Je demande pardon à toutes les races, dont l’ignoble Zemmour a osé prétendre qu’elles existaient. Je demande pardon à tous les rappeurs, dont le spontanéisme révolutionnaire et le lyrisme poétique déclenchent périodiquement les aboiements des souchiens réactionnaires.

Pardon à l’art contemporain, traîné dans la boue et quotidiennement humilié par les petits-bourgeois hostiles à sa rebel attitude, heureusement saluée courageusement par tous les ministres de la Culture présents, passés et à venir et tous les musées publics, semi-publics et parapublics.

Pardon au public, laissé par la droite élitiste trop longtemps aux affaires dans une ignorance honteuse qui l’empêche malheureusement de comprendre et d’apprécier l’art contemporain à sa juste valeur et à son prix fort.

Pardon à Jeff Koons pour les nombreux haussements d’épaules de pharisiens ricanants, incapables de comprendre combien son homard à l’hélium avait regonflé Versailles.

Pardon aux intermittents du spectacle pour l’indigence prolétaire dans laquelle les maintient l’obscurantisme du Medef.

Pardon à Luc Besson, si souvent méprisé alors qu’il fait tant pour the rayonnement of the french culture.

Je demande pardon à Obama pour les plaisanteries honteuses de Berlusconi, qui ne sont pas sans rappeler les heures les plus sombres (no offense, Barack !) de Mussolini (on se méfiera jamais assez de tous ces noms en “ni”). Je demande pardon au peuple italien, si mal représenté par ce bouffon qui confond politique et commedia dell’arte.

Je demande pardon à la démocratie, qui devrait être protégée des puissances d’argent qui lui sont par essence étrangères. Je demande pardon à la télévision, rabaissée par Berlusconi au rang des jeux du cirque, alors que mille Arte pourraient s’épanouir ! Je demande pardon aux implants capillaires, auxquels il fait une si désastreuse contre-publicité.
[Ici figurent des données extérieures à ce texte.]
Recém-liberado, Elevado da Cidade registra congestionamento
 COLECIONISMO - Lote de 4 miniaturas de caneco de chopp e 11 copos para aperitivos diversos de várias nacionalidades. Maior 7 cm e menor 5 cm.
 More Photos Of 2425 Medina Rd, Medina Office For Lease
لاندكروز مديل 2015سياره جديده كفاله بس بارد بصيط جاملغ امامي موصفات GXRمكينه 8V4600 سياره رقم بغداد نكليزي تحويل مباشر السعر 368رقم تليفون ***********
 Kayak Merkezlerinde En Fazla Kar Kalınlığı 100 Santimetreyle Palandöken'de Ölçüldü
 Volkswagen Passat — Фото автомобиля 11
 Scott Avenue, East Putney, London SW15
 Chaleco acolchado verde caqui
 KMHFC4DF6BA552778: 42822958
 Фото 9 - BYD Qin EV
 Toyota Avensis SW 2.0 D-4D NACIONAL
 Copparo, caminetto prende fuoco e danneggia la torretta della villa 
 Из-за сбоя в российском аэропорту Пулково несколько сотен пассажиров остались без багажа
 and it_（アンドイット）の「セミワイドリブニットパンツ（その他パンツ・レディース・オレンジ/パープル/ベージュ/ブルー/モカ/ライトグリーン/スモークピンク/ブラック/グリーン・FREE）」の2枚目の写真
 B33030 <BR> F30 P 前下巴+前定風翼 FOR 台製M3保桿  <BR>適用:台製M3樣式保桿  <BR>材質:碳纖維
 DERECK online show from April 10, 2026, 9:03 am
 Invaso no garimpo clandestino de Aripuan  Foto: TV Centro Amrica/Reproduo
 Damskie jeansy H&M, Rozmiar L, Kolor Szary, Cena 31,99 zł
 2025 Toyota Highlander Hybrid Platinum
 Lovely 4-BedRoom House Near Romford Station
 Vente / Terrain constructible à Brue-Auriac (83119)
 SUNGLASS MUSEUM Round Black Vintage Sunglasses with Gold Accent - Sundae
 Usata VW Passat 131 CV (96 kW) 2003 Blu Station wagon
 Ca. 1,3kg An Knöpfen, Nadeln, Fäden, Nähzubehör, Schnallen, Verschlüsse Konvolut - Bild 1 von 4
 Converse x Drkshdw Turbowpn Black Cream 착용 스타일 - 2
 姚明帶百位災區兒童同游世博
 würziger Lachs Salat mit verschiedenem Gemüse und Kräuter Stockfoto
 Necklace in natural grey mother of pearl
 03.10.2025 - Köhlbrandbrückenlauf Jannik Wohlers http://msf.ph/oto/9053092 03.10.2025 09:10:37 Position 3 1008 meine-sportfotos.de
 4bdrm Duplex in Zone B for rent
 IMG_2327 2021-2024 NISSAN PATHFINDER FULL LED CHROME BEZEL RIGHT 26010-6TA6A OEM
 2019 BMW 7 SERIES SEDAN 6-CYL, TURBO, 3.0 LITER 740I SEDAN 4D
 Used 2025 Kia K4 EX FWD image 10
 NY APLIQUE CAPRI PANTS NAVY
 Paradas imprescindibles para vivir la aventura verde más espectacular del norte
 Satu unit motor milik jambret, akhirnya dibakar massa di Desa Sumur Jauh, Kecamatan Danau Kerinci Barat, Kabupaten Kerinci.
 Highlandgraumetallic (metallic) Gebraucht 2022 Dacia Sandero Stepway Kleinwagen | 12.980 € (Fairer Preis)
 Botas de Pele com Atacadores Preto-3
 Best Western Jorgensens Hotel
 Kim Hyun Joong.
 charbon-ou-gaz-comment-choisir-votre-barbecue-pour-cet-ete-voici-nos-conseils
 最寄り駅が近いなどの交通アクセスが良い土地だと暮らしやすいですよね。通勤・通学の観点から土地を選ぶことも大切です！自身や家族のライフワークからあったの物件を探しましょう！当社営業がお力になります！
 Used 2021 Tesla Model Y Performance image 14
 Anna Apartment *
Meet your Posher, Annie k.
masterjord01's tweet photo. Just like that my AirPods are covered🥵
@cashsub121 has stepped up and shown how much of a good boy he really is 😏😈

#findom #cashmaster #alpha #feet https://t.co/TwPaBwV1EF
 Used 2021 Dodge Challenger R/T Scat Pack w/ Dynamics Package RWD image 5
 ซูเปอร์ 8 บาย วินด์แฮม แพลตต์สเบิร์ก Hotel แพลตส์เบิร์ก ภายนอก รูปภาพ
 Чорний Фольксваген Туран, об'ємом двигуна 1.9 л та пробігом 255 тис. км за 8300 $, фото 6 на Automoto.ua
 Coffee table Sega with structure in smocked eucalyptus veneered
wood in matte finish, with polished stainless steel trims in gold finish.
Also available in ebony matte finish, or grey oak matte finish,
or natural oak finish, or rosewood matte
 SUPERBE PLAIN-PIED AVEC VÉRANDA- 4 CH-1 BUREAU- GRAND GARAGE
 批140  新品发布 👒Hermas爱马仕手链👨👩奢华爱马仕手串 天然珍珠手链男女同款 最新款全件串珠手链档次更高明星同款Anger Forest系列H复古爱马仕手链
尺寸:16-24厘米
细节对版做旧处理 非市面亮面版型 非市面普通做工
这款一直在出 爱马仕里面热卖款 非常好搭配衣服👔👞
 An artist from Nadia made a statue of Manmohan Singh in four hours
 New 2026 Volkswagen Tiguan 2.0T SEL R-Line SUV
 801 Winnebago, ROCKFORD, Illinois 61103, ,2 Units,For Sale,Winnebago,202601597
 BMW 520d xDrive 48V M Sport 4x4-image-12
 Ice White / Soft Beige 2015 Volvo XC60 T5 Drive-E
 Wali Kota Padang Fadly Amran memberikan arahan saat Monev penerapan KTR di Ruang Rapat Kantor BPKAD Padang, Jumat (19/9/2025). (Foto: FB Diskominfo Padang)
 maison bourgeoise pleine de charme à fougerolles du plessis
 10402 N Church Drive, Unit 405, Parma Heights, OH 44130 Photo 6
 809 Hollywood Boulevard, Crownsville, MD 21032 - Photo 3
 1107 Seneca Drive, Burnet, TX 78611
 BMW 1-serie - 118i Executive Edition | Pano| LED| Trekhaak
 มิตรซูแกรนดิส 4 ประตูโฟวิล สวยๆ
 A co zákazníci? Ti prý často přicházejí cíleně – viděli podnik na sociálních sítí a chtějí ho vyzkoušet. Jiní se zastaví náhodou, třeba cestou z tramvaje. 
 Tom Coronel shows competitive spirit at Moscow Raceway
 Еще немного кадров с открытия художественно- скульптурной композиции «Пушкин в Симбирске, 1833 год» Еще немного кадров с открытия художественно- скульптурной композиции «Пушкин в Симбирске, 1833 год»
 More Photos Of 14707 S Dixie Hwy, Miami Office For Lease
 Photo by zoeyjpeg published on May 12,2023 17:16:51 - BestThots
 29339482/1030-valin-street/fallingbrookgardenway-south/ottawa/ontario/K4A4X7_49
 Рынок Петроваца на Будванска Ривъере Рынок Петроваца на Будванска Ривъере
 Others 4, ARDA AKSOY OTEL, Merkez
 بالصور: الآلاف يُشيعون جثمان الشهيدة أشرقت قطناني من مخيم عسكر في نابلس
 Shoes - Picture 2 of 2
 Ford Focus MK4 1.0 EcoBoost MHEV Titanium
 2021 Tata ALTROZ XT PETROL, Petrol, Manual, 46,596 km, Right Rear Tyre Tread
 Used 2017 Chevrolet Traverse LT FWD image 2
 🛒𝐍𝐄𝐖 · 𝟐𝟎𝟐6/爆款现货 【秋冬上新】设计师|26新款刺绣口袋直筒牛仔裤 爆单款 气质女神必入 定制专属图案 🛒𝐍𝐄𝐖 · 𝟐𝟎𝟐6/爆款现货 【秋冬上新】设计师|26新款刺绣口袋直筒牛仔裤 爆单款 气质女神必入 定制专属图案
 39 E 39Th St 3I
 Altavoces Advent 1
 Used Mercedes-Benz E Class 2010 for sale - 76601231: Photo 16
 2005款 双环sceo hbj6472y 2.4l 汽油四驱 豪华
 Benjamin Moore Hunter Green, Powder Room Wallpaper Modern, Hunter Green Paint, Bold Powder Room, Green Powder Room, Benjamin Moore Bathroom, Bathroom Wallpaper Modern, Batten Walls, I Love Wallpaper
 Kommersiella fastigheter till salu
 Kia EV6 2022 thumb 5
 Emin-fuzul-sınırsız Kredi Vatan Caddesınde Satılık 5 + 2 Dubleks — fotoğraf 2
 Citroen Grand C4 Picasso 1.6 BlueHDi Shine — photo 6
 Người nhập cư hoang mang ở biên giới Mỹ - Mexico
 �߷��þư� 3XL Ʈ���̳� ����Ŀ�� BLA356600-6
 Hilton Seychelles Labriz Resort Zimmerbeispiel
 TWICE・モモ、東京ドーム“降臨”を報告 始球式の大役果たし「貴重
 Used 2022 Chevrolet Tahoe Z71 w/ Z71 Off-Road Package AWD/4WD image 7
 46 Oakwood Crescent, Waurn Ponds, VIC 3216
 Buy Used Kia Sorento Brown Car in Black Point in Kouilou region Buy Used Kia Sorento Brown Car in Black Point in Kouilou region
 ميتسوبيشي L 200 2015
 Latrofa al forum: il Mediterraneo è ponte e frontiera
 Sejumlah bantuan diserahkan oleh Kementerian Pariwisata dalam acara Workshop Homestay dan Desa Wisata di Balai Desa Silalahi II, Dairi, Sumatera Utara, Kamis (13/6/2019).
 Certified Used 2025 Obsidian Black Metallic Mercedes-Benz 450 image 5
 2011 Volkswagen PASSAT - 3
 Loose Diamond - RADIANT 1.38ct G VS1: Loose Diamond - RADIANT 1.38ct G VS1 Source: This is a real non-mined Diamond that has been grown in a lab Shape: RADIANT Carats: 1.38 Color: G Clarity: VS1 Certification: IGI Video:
Pardon aux altermondialistes, qu’un gouvernement cryptolepéniste tente d’empêcher de manifester leur juste colère à visage découvert.

Pardon à José Bové, à ce jour scandaleusement ignoré par la politique d’ouverture de Nicolas Sarkozy.

Pardon à Jack Lang, pour la rumeur odieuse laissant entendre qu’il aurait pu céder aux sirènes du pouvoir et intégrer le gouvernement.

Pardon à Rachida Dati, contrainte de rendre ses robes par l’égoïsme insensé de la maison Dior, dont le luxe arrogant n’en finit plus d’insulter la misère des pauvres.

Pardon à Valérie Létard, affreusement humiliée que personne n’ait la moindre idée de ses attributions au gouvernement.

Et pardon à toutes les femmes politiques (sauf Marie-France Garaud, bien sûr) pour l’inouï sexisme qu’elles ne cessent d’endurer aux plus hautes fonctions de l’Etat. Et pardon encore, Rachida, pour tous ces machistes qui prennent ton charme, ta légèreté et ta fraîcheur pour de l’incompétence, ton exigence pour une dureté cassante, ta passion pour de l’hystérie.

Pardon aux ours blancs, victimes de la fonte des glaciers. Pardon aux glaciers, victime de la néo-connerie de l’administration Bush et de son refus de signer le traité de Kyoto. Pardon à la ville de Kyoto, victime de la pollution infligée par l’activité inlassable des Japonais, ce « peuple de fourmis » comme disait si justement Edith Cresson.

Pardon à la nature, humiliée, brisée, martyrisée par une humanité que des millénaires de domination masculine ont transformée en machine à détruire.

Pardon au peuple de gauche pour l’existence de la droite, dont la ringardise culturelle et l’arrogance de classe sont une insulte au genre humain.

Pardon à l’avenir, auquel elle s’obstine à préférer le passé. Pardon à l’espérance, qu’elle insulte régulièrement au nom du réalisme. Pardon aux lendemains qui chantent, qui n’attirent que ses sarcasmes sinistres et grinçants.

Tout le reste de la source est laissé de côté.